The text of the statute is relatively straightforward:

Whoever knowingly alters, destroys, mutilates, conceals, covers up, falsified, or makes a false entry in any record, document, or tangible object with the intent to impede, obstruct, or influence the investigation or proper administration of any matter within the jurisdiction of any department or agency of the United States or any case filed under Title 11, or in relation to or contemplation of any such matter or case, shall be fined under this title, imprisoned not more than 20 years, or both.

Aside from Section 1519’s 20-year maximum prison sentence (no small benefit to the government in big-dollar fraud loss cases such as Wolff), its primary appeal is that it uniquely removes certain key proof burdens from prosecutors’ collective shoulders.

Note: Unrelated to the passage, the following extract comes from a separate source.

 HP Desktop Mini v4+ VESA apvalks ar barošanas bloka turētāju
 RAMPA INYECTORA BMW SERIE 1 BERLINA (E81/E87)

Prosecutors charging violations of Section 1519 must still establish both of the following:

  • The accused knowingly directed the obstructive act to affect an issue or matter within the jurisdiction of any U.S. department or agency.
  • The accused acted at least “in relation to” or “in contemplation’” of such issue or matter.

Not on the list, however, is the requirement that prosecutors demonstrate to the finder of fact which specific “pending proceeding” the accused attempted to obstruct. That is a significant benefit to the government.[3]